Tuberculosis accounts for an estimated 250 000 deaths a year among people with HIV and is the primary cause of death among people with HIV in Africa. Because HIV weakens the immune system, people with the virus are up to 50 times more likely to develop tuberculosis than people who are HIV negative. Without proper treatment with tuberculosis drugs, most people with HIV die within two to three months of becoming sick with tuberculosis.

The meeting heard that the "outdated" drugs, diagnostics, and vaccines available are not appropriate for people with HIV and tuberculosis coinfection and so new tools are needed that work in the presence of both diseases.

Kevin Decock, director of the World Health Organization's HIV department, told the BMJ that the coinfection increasingly poses a threat to the HIV negative population as well, particularly as resistant and extensively resistant strains of tuberculosis become more widespread.

Dr Decock warned that the people most at risk were health workers, followed by international travellers, but the general population could also be exposed to resistant strains if they became more common.

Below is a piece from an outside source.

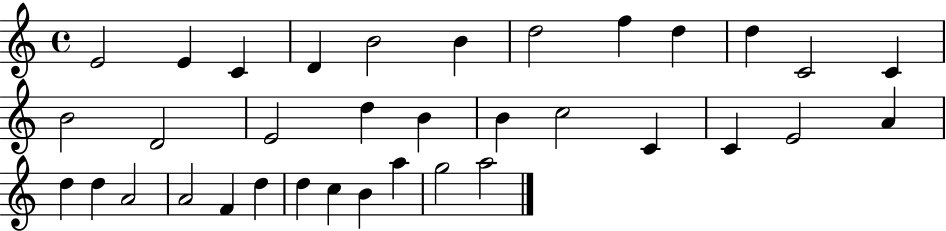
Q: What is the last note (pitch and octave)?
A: A5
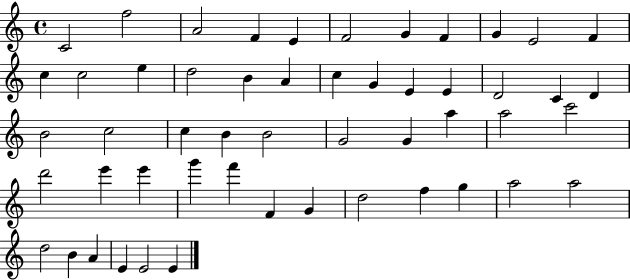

In parts of the former Soviet Union one in five patients with tuberculosis in the general population has a resistant strain.

He said that if multidrug resistant tuberculosis merged with the HIV pandemic "the consequences could be disastrous." He was concerned that this could lead to a shift in the treatment of HIV patients: "It's one thing asking health workers to care for patients when the only danger is direct exposure to blood but quite another thing if they risk developing a potentially incurable disease that is infectious simply through inhalation."